SEKBER BURUH BERSAMA KOMITE POLITIK ALTERNATIF

KAPITALISME TELAH GAGAL:
LAWAN PEMERINTAHAN BARU HASIL PEMILU BORJUASI 2014 
DAN BANGUN ALAT POLITIK ALTERNATIF

Sejak krisis yang dialami oleh Negara-negara barat (Uni Eropa dan Amerika) 7 tahun yang lalu, perbincangan, perdebatan soal krisis masih kita dengar lewat pewartaan berbagai media publik, bahkan sampai saat ini. Dengan berbagai cara pula, Negara-negara liberal terus mencari jalan keluar dari KRISIS tersebut. Berbagai pertemuan antar Negara di dunia terus diselenggarakan dengan semangat “GLOBALISASI”, seperti G-20, G-8, AC-FTA, KTT ASEAN, Nasional Summit dan sebagainya, telah menghantarkan Rakyat semesta pada satu keadaan dimana tidak ada lagi sekat dan batasan antar Negara. Namun, tujuan dari semua upaya itu adalah tidak lain untuk mempertahankan kekuasaan kelas PEMODAL yang sejatinya sebagai kelas minoritas dari hantaman krisis untuk terus menindas dan menghisap rakyat.

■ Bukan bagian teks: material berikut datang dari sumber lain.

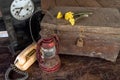 Vintage oil lamp ,old wooden box, old telephone , dry chrysanthemum flower and alarm clock on old wooden touch-up in still life Royalty Free Stock Photo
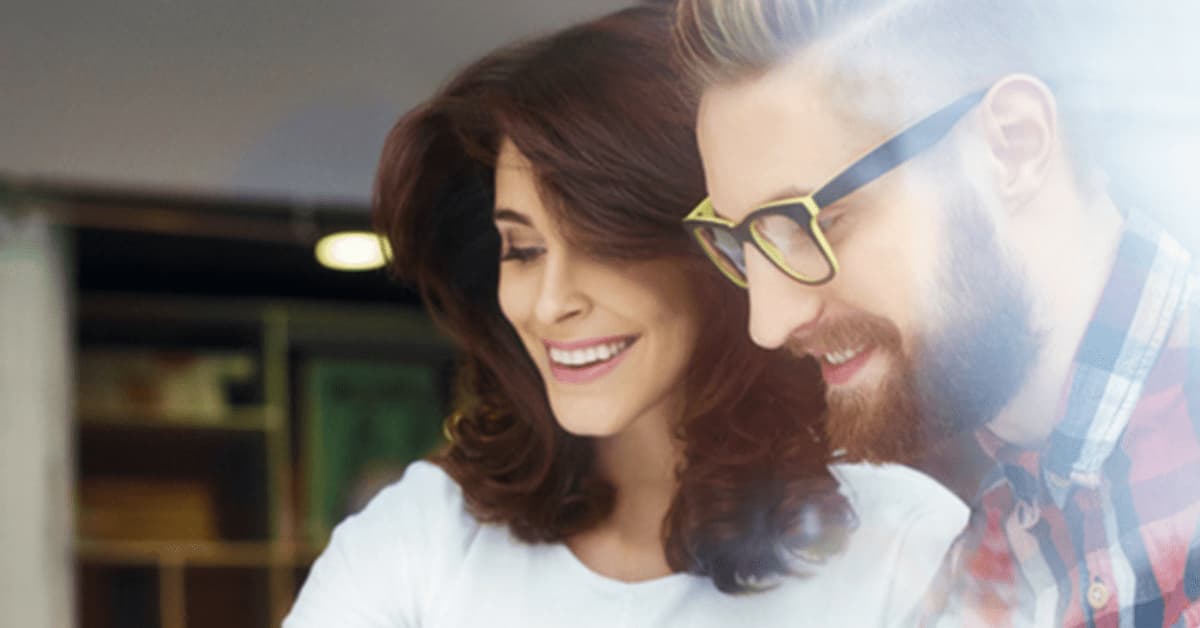 Happy lady and man looking at paperwork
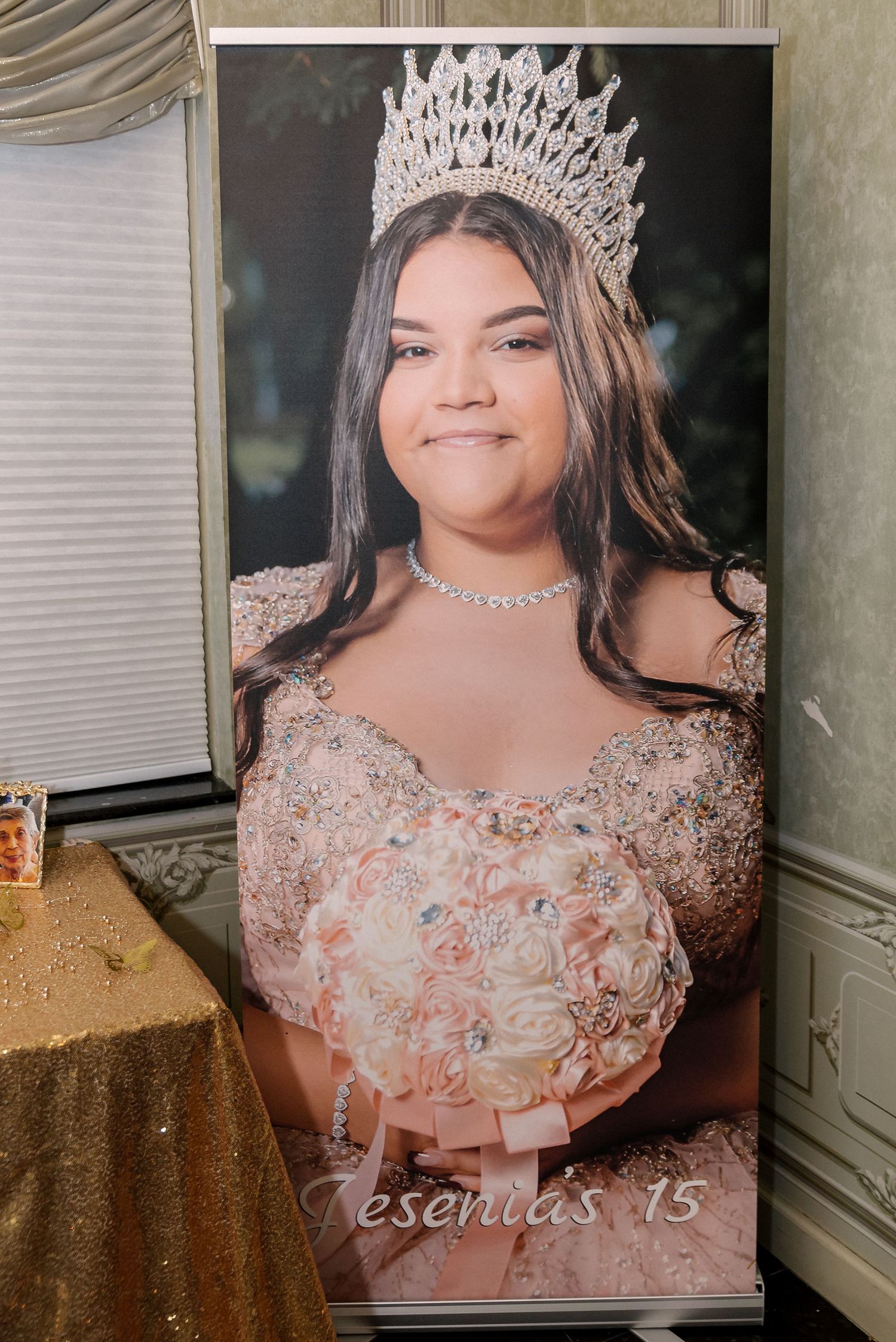 A Quinceañera celebration display banner showing someone wearing a sparkly crown and pink embellished gown.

NEOLIBERALISME, adalah istilah yang tepat untuk menyimpulkan zaman ini. Dengan kebijakan Stuctural Ajusment Program (SAP) dan Pasar Bebas. SAP sebagai program “perbaikan ekonomi” mencakup perubahan dalam bidang ekonomi mikro dan ekonomi makro (seperti kebijakan fiskal, monetar dan pasar yang difasilitasi oleh kebijakan politik sebuah negara) sebagai pagu utama Neoliberalisme. Kebijakan-kebijakan Neo-Liberal pada prakteknya secara umum adalah : 1) Penerapan prinsip “pasar bebas” dalam perspektif ekonomi negara. Mengecilkan sampai menghilangkan peran negara dalam ekonomi 2) Memotong sampai menghapuskan subsidi. 3) Swastanisasi (privatisasi) BUMN 4) Menghapus konsep “barang-barang public” dan menggantinya dengan “tanggung jawab individual”.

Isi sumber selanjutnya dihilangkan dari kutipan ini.